In an effort to expand the discussion, the CCPA and the Center for Future Work (where Jim Stanford is Director) are putting together an “Elbows Up Economic Summit” in September to forge a strategy “that prioritizes human and environmental needs.” As elements for such a strategy, Stanford identifies 15 different risks, constraints and priorities which negotiators need to address. These include non-controversial ideas like diversifying exports, increasing capital spending on machinery and equipment and building more housing.
But as would be expected there are a number of differences between Stanford’s priorities and those of the business voices, notably on pipelines and tax cuts. And perhaps the most significant divergence concerns the importance to be attached to a renewed trade deal with the U.S. that continues the continental economic integration that has been in existence since 1989.
Media coverage seems to assume that a continuation of the pre-Trump 2.0 trade arrangements is the prime goal in negotiations, even if it means backing down on things like the Digital Services Tax or retaliatory tariffs. And that is certainly the position of Canada’s business establishment, personified through Goldy Hyder, head of the Business Council on National Issues.
In an op-ed piece in the Globe and Mail Hyder makes clear that he views as the big prize a continuation of what he respectfully refers to as the U.S.-Canada-Mexico Agreement (USMCA) – most Canadians who know of its existence call it CUSMA, the Canada-U.S.-Mexico Agreement.
Call it what you will, in Goldy Hyder’s opinion Mark Carney’s “elbows down” move last week, scrapping some retaliatory tariffs on U.S. imports, was welcome evidence that the Liberals want to preserve “the preferential trade and investment relationship that has supercharged our economy for the past 40 years.”
Some history
The relationship Hyder refers to began with the controversial Free Trade Agreement (FTA), ratified in 1989 under Brian Mulroney while Ronald Reagan was U.S. president. The proposed deal dominated the 1988 Canadian federal election campaign, with opposition parties and a large slice of the electorate fearing it would damage our economy and compromise our independence.
Turns out the naysayers were probably right, but the Liberals soon made peace with the idea. The FTA was amended in 1994 when Jean Chretien’s Liberals and the Clinton administration brought Mexico into the fold through the North American Free Trade Agreement (NAFTA). Trump campaigned against NAFTA during his first presidential campaign but settled for some minor changes and the new name – USMCA/CUSMA – in 2018 after Justin Trudeau led frantic efforts to save the main elements of the 1994 NAFTA deal.
What this history tells us is that after the 1988 excitement died down, support for trade deals between Canada and the U.S. has had bipartisan backing for more than three decades. Goldy Hyder’s claim that Canada’s economy has been “supercharged” as a result may be an over-statement, but mainstream opinion seems to support the notion that free trade between Canada and the U.S. has been good for Canada. Jim Stanford questions that assumption, arguing that the FTA and its successors have weakened our economy.
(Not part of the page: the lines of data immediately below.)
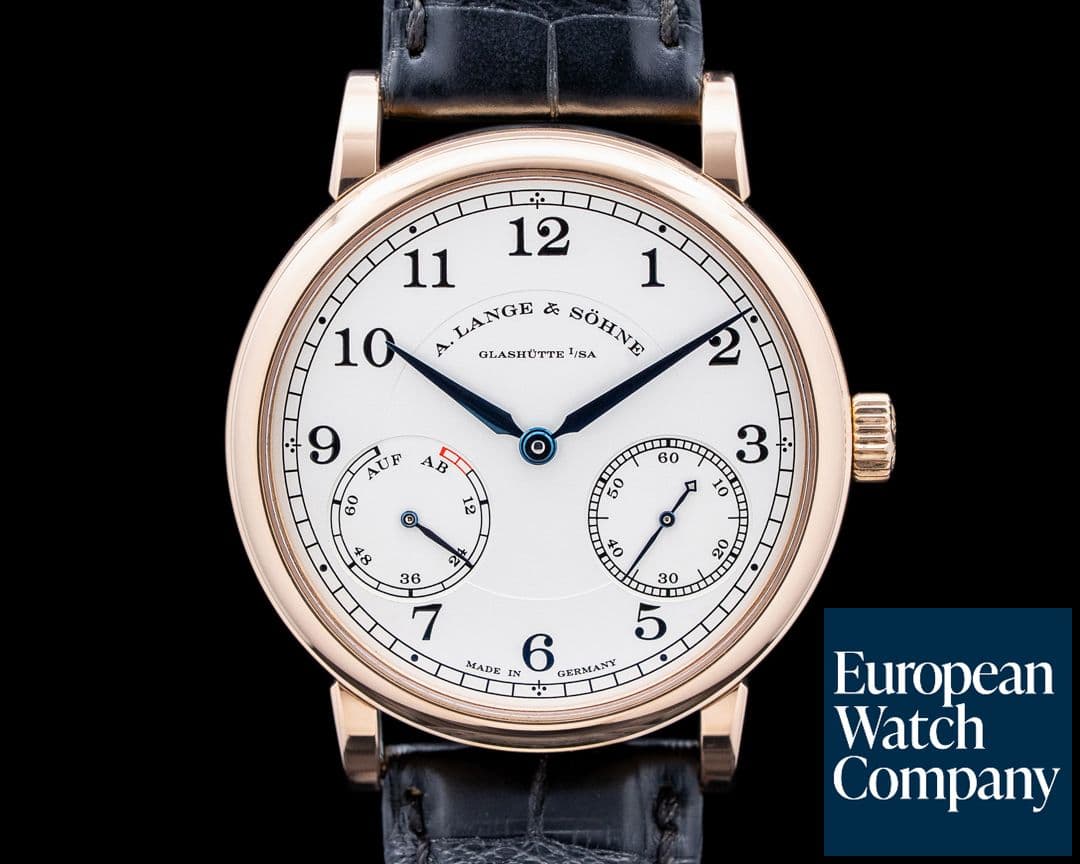 Image of A. Lange and Sohne 234.032 1815 Up Down Rose Gold Silver Dial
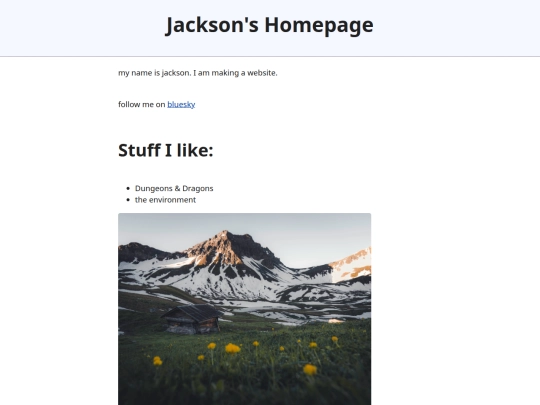 index screenshot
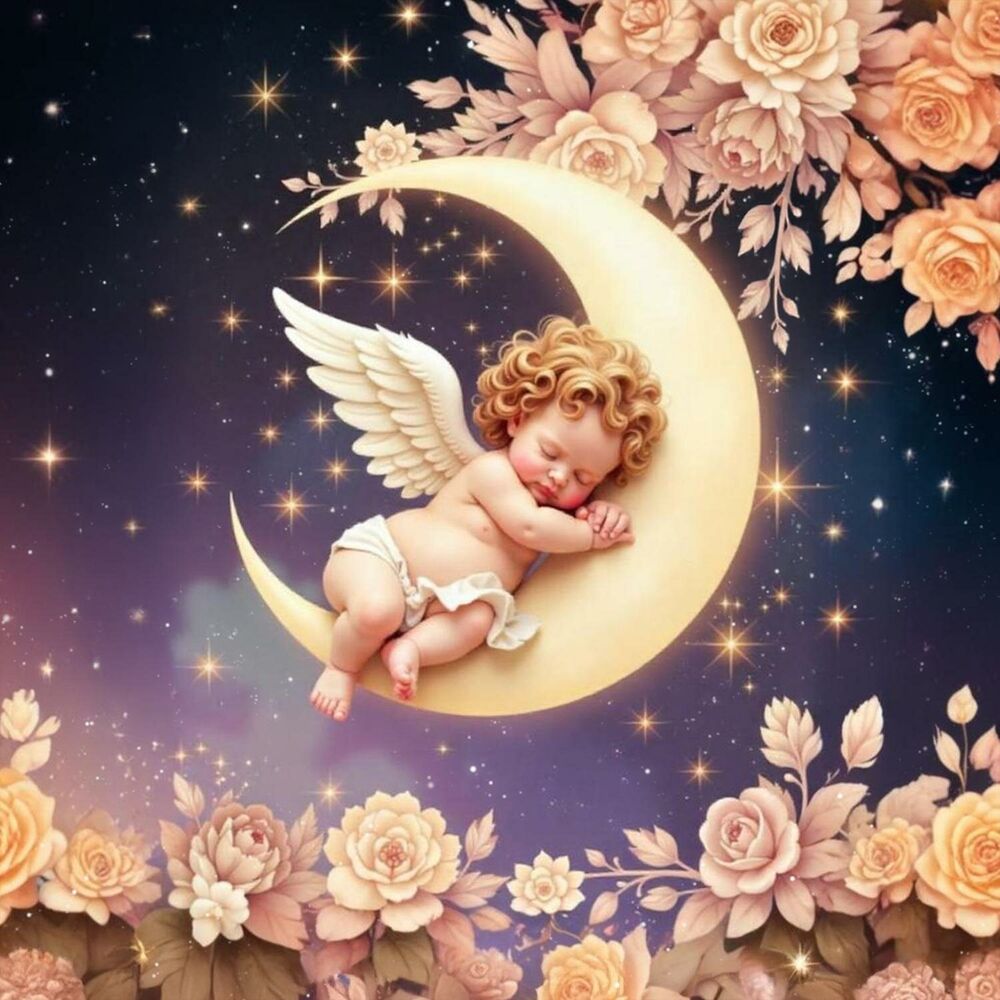 Picture of Heavenly Lullaby: Angelic Harp Music for Children’s Peaceful Moments, Baby's Sweet Dreams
“Canada’s vulnerability to Trump’s policies has been exacerbated by past policies which reinforced a structurally subservient role within the North American economy,” he writes.”They pigeon-holed Canada as a supplier of resources, and a ready market for more advanced U.S.-produced products and services.”
Staples vs. Manufacturing
Stanford argues that after World War Two the Canadian economy was becoming less dependent on the export of unprocessed natural resources, with those primary products accounting for only 25 percent of exports in 1990. The percentage dropped further during the first decade of free trade but now, thanks mainly to the oil sands we are again becoming “hewers of wood and drawers of water,” with staples, led by petroleum and petroleum products, accounting for close to 50 percent of exports.
Most of those petroleum exports go to the U.S., creating for that country something Trump loves to hate, a trade deficit. In 2024 the U.S. trade deficit with Canada was $58 billion, third highest behind China at $291 billion and Mexico, at $183 billion. But that deficit with Canada exists only because petroleum products accounted for net exports to the U.S. worth $136 billion in 2024. Taking oil and gas out of the equation leaves Canada with a trade deficit with the U.S. of $78 billion in other exports, including manufactured goods. The illegal tariffs imposed by Trump will cause that deficit on non-petroleum products to grow.
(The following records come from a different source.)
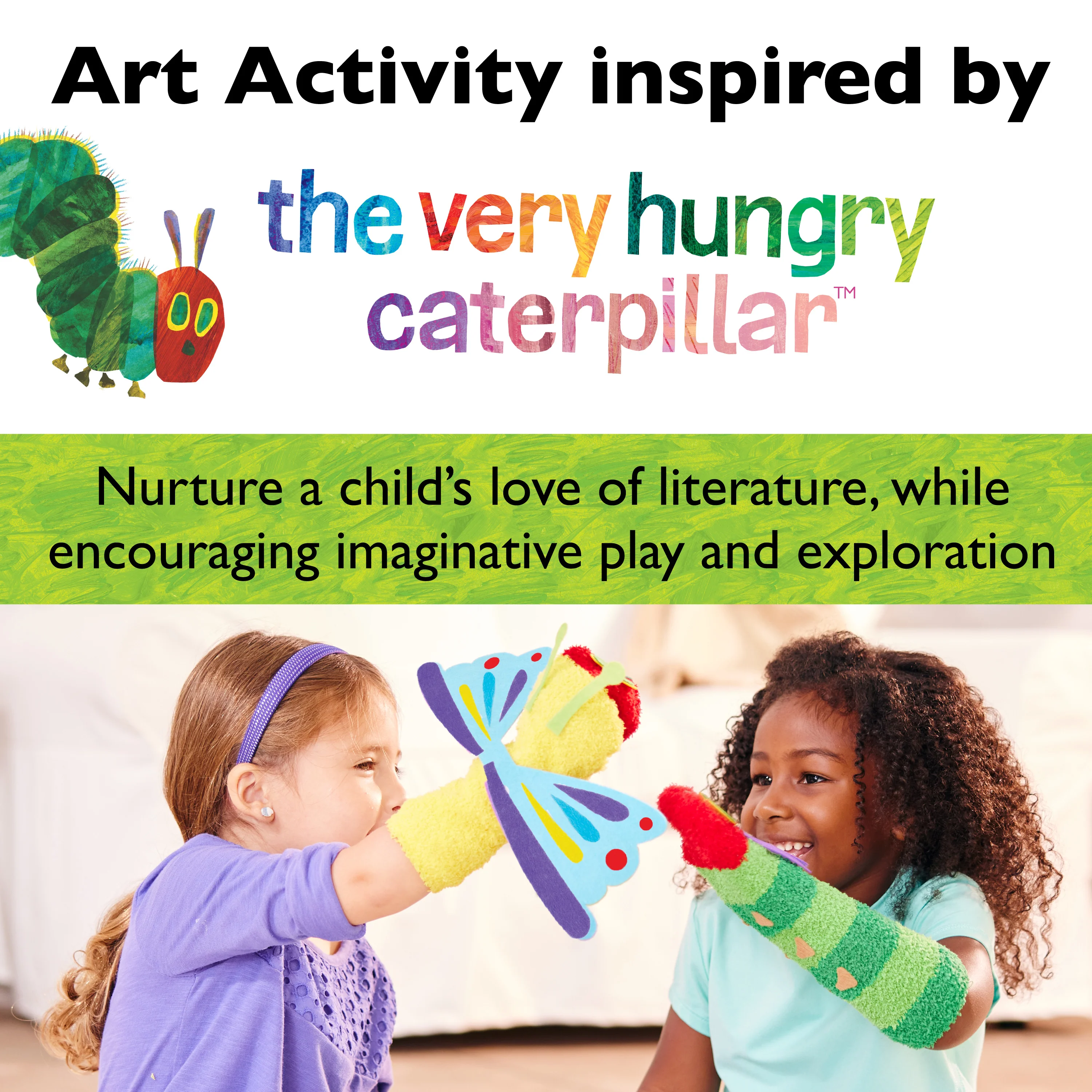 Creativity for Kids Very Hungry Caterpillar Hand Puppet Craft Kit - Image 4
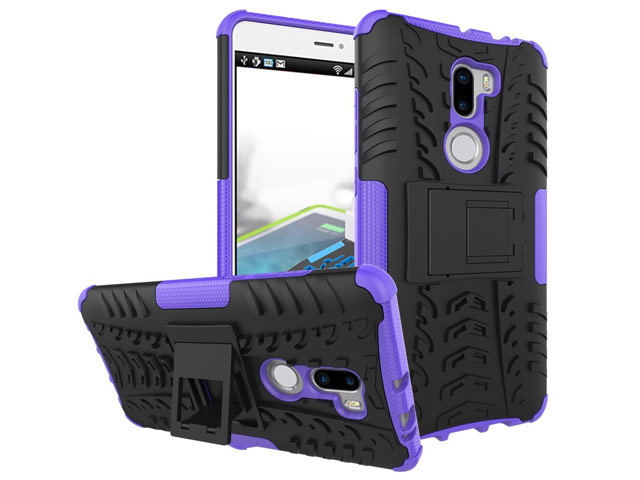 Чехол Yotrix Shockproof case для Xiaomi Mi 5s plus (фиолетовый, пластиковый)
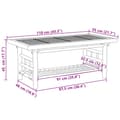Miniatyrbillede 6 af 7: vidaXL sofabord 110x55x45 cm bambus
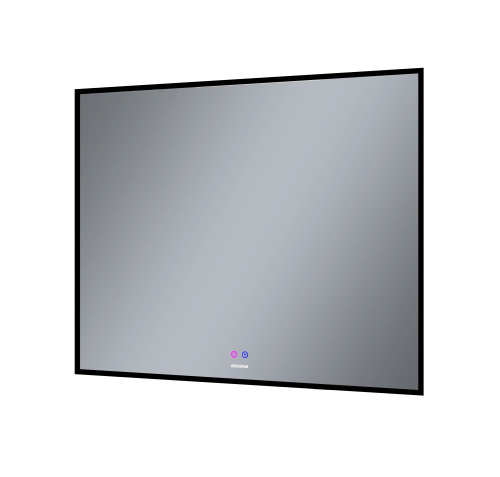 картинка Зеркало PRAGMA-норма BLACK (900*800*45) LED с сенсорным выключателем и подогревом от магазина Сантехстрой
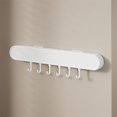 thumbnail image 2 of No Drill Wall Mounted Knife Holder, Pot Scraper Storage Rack with 6 Hooks, Space Saving Kitchen Organizer for Utensils and Tools, 17-Inch, 2 of 8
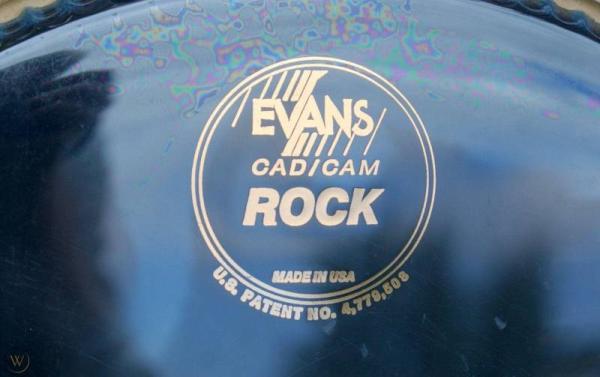 EVANS CAD/CAM ROCK 13" BLACK - pelle battente nera 13"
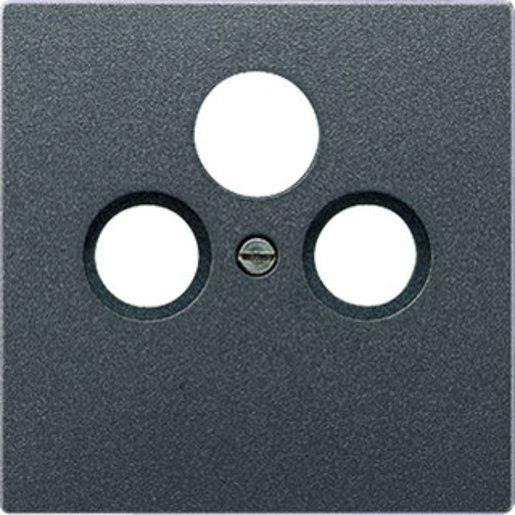 Abdeckung Schraubbefestigung für SAT-TV-Steckdose 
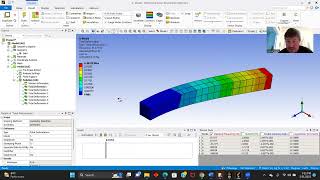 Square Beam Vibration Analysis using Ansys Mechanical.
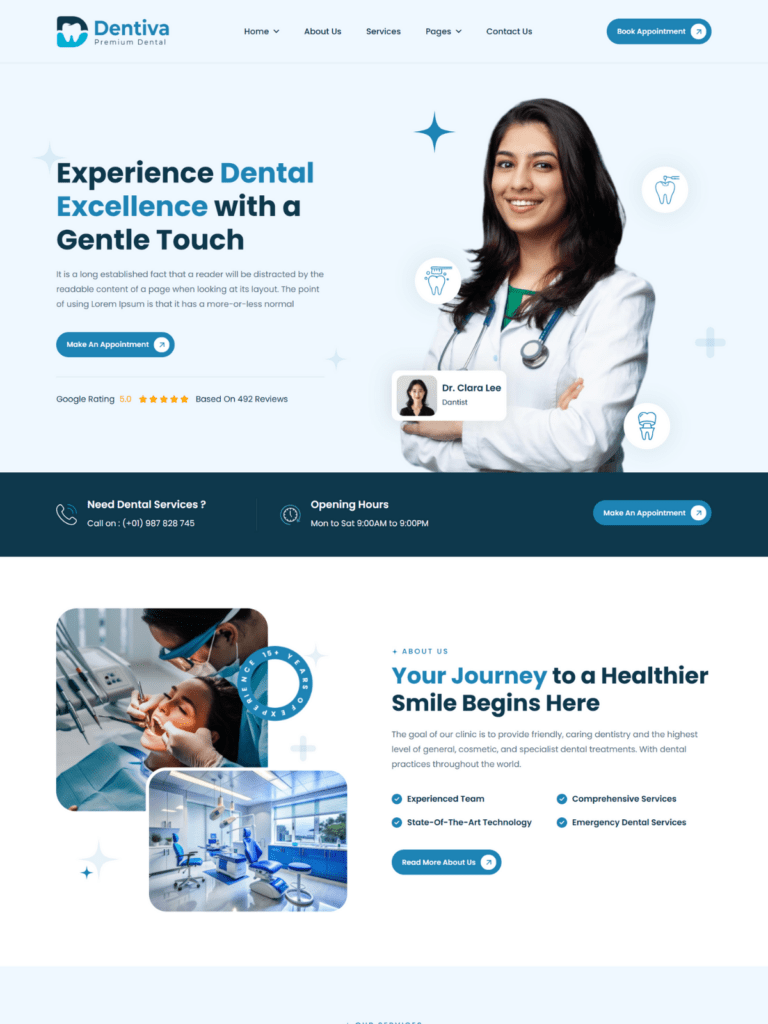 Dentiva – Premium Dental Website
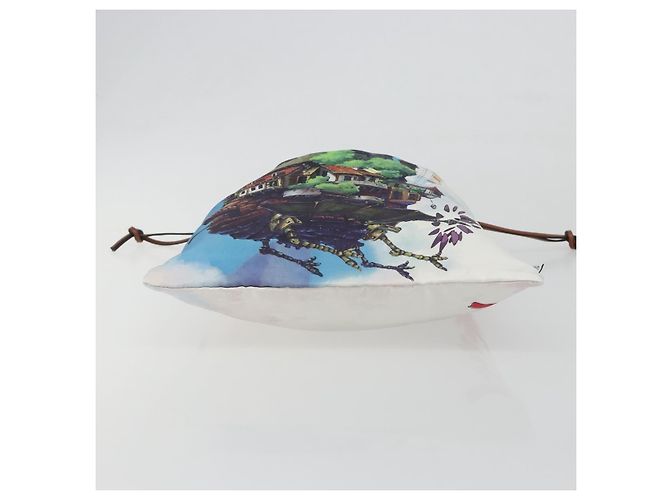 LOEWE x Studio Ghibli Howl's Moving Castle Pouch Nylon Blue - vista 8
“It is no coincidence that the most severe U.S. tariffs have been aimed at manufactured products (like autos, steel, and aluminum): this reflects a deliberate strategy to pigeon-hole Canada as a resource supplier within the North American economy,” says Stanford.“Strong industrial policy to support manufacturing must thus be central to Canada’s response to Trump’s trade war.”
(The impact of trade deals on North American manufacturing has been much discussed over the years, but it’s worth noting that according to Statistics Canada data, there were 267,000 fewer manufacturing jobsat the start of 2025 than there were when free trade with the U.S. came into effecting 1989. Back then,16 percent of Canadian jobs were in manufacturing, in 2025 it is less than nine percent).
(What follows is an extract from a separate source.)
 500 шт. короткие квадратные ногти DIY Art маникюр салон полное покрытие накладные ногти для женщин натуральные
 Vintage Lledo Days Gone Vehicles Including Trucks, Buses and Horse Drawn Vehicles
Productivity and Investment
Proponents also claimed that free trade would help to boost productivity, leading to higher wages and rising living standards. They maintained it would eliminate the productivity gap with the U.S. but that hasn’t happened. Instead, the gap has become worse, going from 10 percent to 30 percent below the U.S. rate of productivity, meaning growing disparity between the two countries in average incomes. Stanford says the increased productivity gap is because “the decline of higher-tech industries under free trade, years of fiscal austerity, and renewed resource-dependence all suppressed Canadian productivity progress.”
Free trade was also supposed to lead to increased foreign investment in Canada. It did for a time, but most of that was in the form of takeovers of Canadian firms, mostly by U.S. corporations. And since 2015, Stanford points out that Canadians have invested more in the U.S. and other countries than foreigners have invested here. The folks who run the Canada Pension plan have been part of the trend, with almost half of the CPP’s assets invested in the U.S.
******
It would be a stretch to claim that free trade is the sole cause of Canada’s economic shortcomings. And there’s no way of knowing whether things could have been just as bad, or even worse without them. However, big business opinion notwithstanding, trade deals with the U.S. have clearly not supercharged the economy. Simply salvaging the existing arrangements – or a watered-down version of them – without making further concessions should only be a start.
In Jim Stanford’s opinion, the fact that policies of the last 40 years have left us open to bullying from the U.S. “means that Canada’s response to Trump, therefore, must take account of that structural vulnerability, and undertake an ambitious and holistic strategy to build a more diversified, self-reliant, and ultimately sovereign economy.”
Hopefully the Elbows Up summit will help to create a strategy and a narrative to challenge those business voices that seem intent on continuing with continental integration while pushing an agenda of resource extraction, tax cuts, austerity and relaxed environmental regulation.
-30-
Most of us voted against a trade deal with the US in 1988 but Mulroney won and it worked for a while. Haven’t checked the stats recently but seem to remember that manufacturing employment has decreased in the US as well as Canada. Which would not be surprising given increased automation and the lower labour costs elsewhere in the global economy. I have vague memories of entering the Canadian economy in the 1960s around the time of the early auto agreement with the US. We could, perhaps, return to some version of that model but elbows-up may not go that far.
A great post clarifying what we are hearing on the daily news on CBC.